Vacancy rates remained below two per cent in 2010 maintaining the upward pressure on rental growth. High rental return and strong historical capital growth attract a balanced mix of locals and interstate investors to the ACT market. The median rent for a house in the ACT was $488 per week, representing a 3.7 per cent growth from December 2009. For the same period the median rent for units climbed 6.3 per cent to $420 per week. The f actors contributing to this higher median include higher average weekly incomes and an undersupply of houses and units.
The ACT house market experienced strong and steady growth since the beginning of the century, as is demonstrated in the house sales cycle chart to the right. The market remained flat during the Global Financial Crisis to experience a strong recovery in 2010, recording a median price of $530,000 in September 2010. This represents an increase of 14.8 per cent over the 12 month period. Closing the September 2010 six month period with 1,331 transactions, the region recorded a 49 per cent decline in sales activity from September 2009, and a 57 per cent decline from the long term sales volumes recorded over the past five years. When analysing the price point distributions, most sales transacted within $400,000 to $499,999, accounting for 31 per cent of total transactions. This was followed by the $500,000 to $599,999 price bracket, making up 25 per cent of the market. At the higher end of the market houses selling for $1,000,000 and above accounted for four per cent, while at the lower end 10 per cent of houses transacted below $400,000. The suburb of Kambah topped the sales list, registering 70 transactions, or 5.3 per cent of the total sales for the six month period.
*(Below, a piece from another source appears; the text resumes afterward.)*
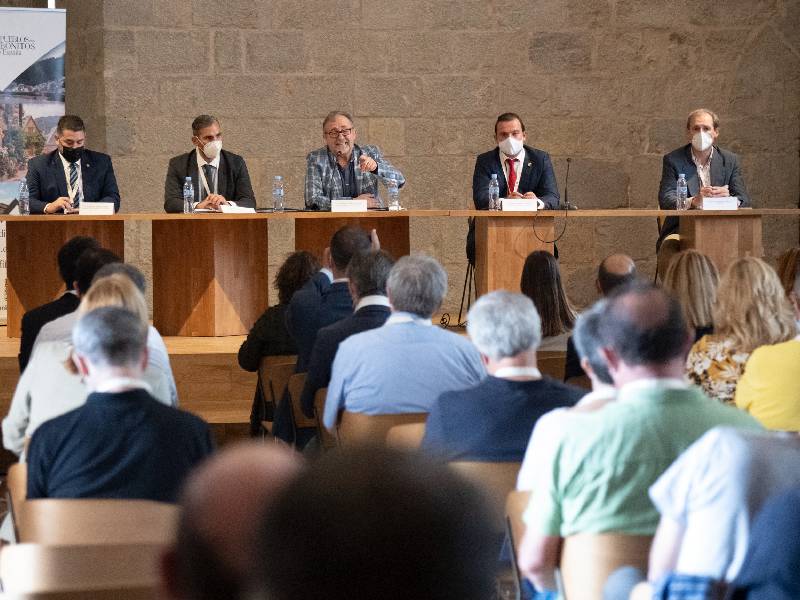 El Presidente de la Diputación ensalza el patrimonio cultural, natural y rural del interior de Castellón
It was followed by Ngunnawal with 57 transactions and Dunlop where 54 houses transacted, accounting for 4.1 per cent of sales for the September half year period.
In order to ascertain the returns to vendors who exited the market, PRDnationwide Research has undertaken a resale analysis of all house product sold within the six months to September 2010. This study has yielded a strong average annual capital growth of nine per cent per annum. This product was held for an average period of 7.9 years.
The undersupply of units in the past two years led to an influx of development around the ACTs town centers. Strong demand for inner city developments led to projects such as the Apartments in Acton and the redevelopment of the Kingston foreshore, expected to yield 1,700 apartments over the next few years. The median price for a unit in the ACT was $415,000 representing a 7.8 per cent growth from 2009. The median stemmed from a total of 846 transactions. A decline of 55 per cent in sales from the September 2009 half year emphasizes the shortage in stock, but may also highlight the shift to apartments bought off the plan where the sale is only registered upon settlement and is not included in the available data. A price point analysis revealed that most units transacted in the $350,000 to $399,999 price bracket, accounting for 26 per cent of sales. At the lower end of the market units selling for less than $300,000 equaled to six per cent, while towards the top end of the market units selling for $600,000 plus equaled to 11 per cent .
Vacant Land Market
The two main land release areas of Gungahlin in the north and Molonglo Valley in the west of Canberra are master planned communities that will ultimately house over 100,000 residents. The ACT recorded a median land price of $240,000, stemming from 147 sales for the six month period to September 2010. This figure represents significant softening from the spike in sales recorded over the 12 months to March 2010, when a record 743 blocks transacted during a six month period. It is expected that land activity level will increase in coming years as lots in new land subdivisions are released into the market. Topping the sales list were the suburbs of Casey with 50 registered sales, Forde with 26 and Bonner recording 20 lots for the period.
The Inner North
Comprising 14 suburbs, 19,115 dwellings and housing 42,113 residents, the Inner North of Canberra has some of the oldest dwellings in the district, many built in accordance with Walter Burley Griffins designs. It is bounded by Lake Burley Griffin to the south and the Barton and Federal Highways to the north. The area is home to institutions such as the ANU and the Australian War Memorial.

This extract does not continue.